━━ Recorded information
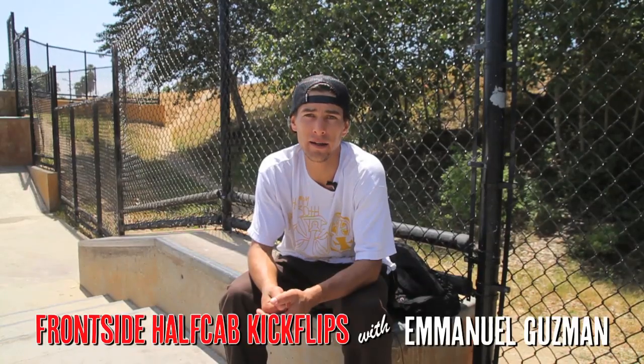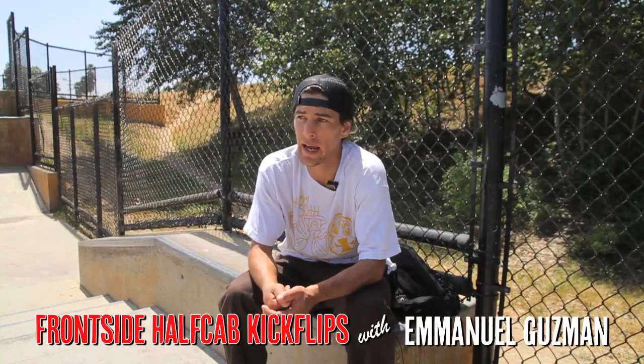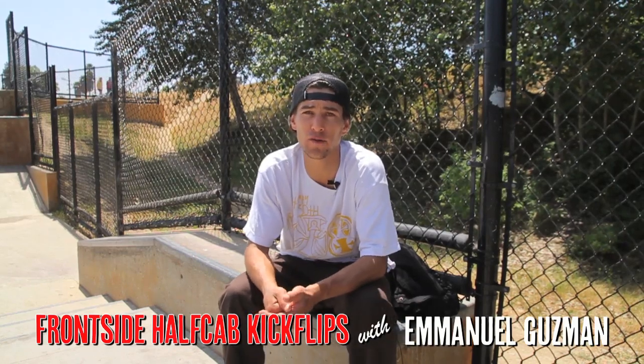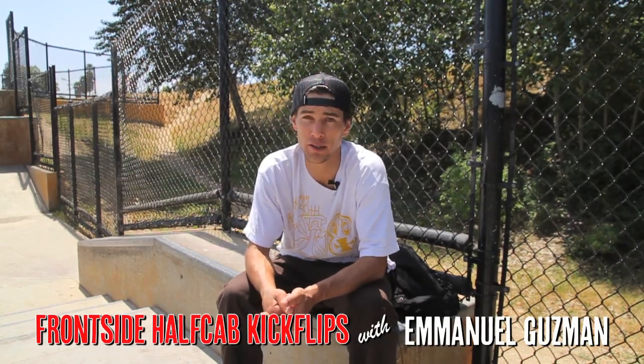This is Mr. Emmanuel Guzman and today I am going to try and help teach you how to do frontside half-cap flips from the ground up.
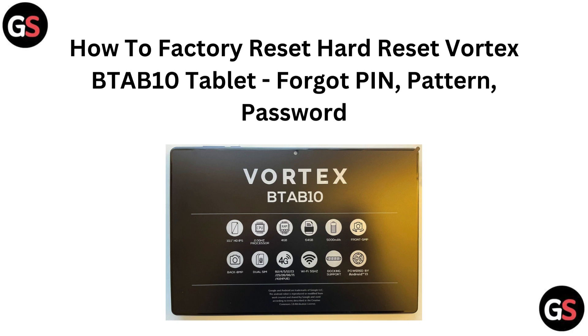Hi everyone. If you are logged out of your Vortex BTA B10 tablet and can't recall your PIN, pattern, or password, we are here to help. In this video, we will walk you through the steps to perform a factory or hard reset and get your tablet back to its original settings. Let's get started.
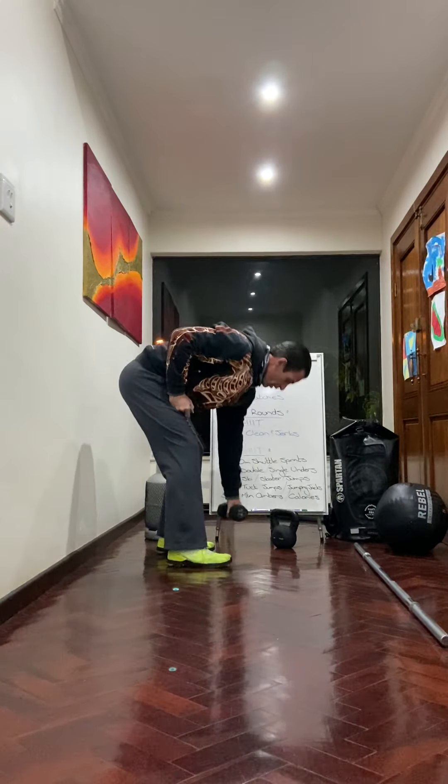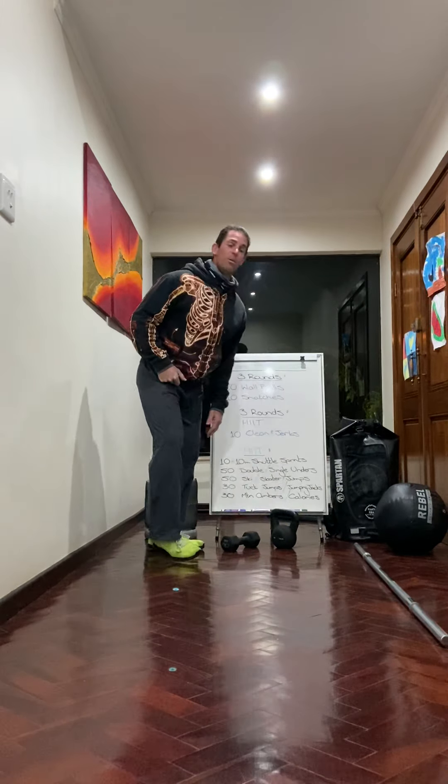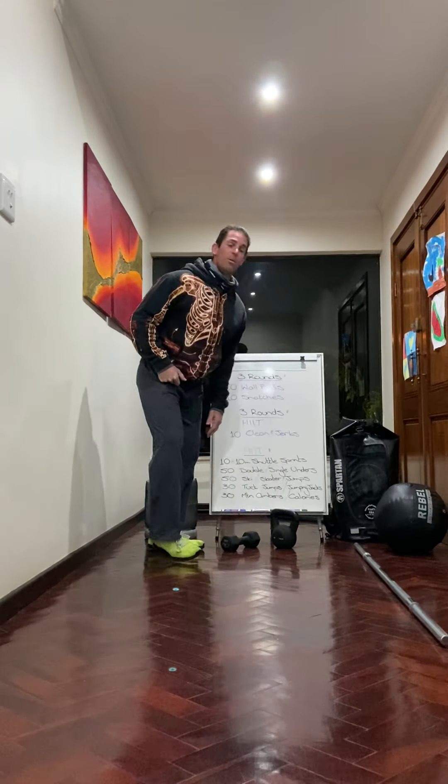So you've got 20 wall balls, 10 snatches, three rounds, then go into your high intensity. Choose whichever one: you're going to do 10 by 10 meter shuttle sprints, or you can do your 50 double unders or 50 single skips. You can also do your 50 ski jumps — that's just from side to side for 50. You can do your 50 skater jumps — remember that's the diagonal lunge so you're going from side to side. If you want to skate it up, take the back foot off the ground and go for 50 skater jumps. We also have 30 tuck jumps — remember that's bringing your knees up to your chest, and you'll only do 30 of those.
━━━━
> Task brief: Reproduce the listing in full and exactly, excluding any pictures it holds.

> Task result:
This is Mr. Emmanuel Guzman and today I am going to try and help teach you how to do frontside half-cap flips from the ground up.
Hi everyone. If you are logged out of your Vortex BTA B10 tablet and can't recall your PIN, pattern, or password, we are here to help. In this video, we will walk you through the steps to perform a factory or hard reset and get your tablet back to its original settings. Let's get started.
So you've got 20 wall balls, 10 snatches, three rounds, then go into your high intensity. Choose whichever one: you're going to do 10 by 10 meter shuttle sprints, or you can do your 50 double unders or 50 single skips. You can also do your 50 ski jumps — that's just from side to side for 50. You can do your 50 skater jumps — remember that's the diagonal lunge so you're going from side to side. If you want to skate it up, take the back foot off the ground and go for 50 skater jumps. We also have 30 tuck jumps — remember that's bringing your knees up to your chest, and you'll only do 30 of those.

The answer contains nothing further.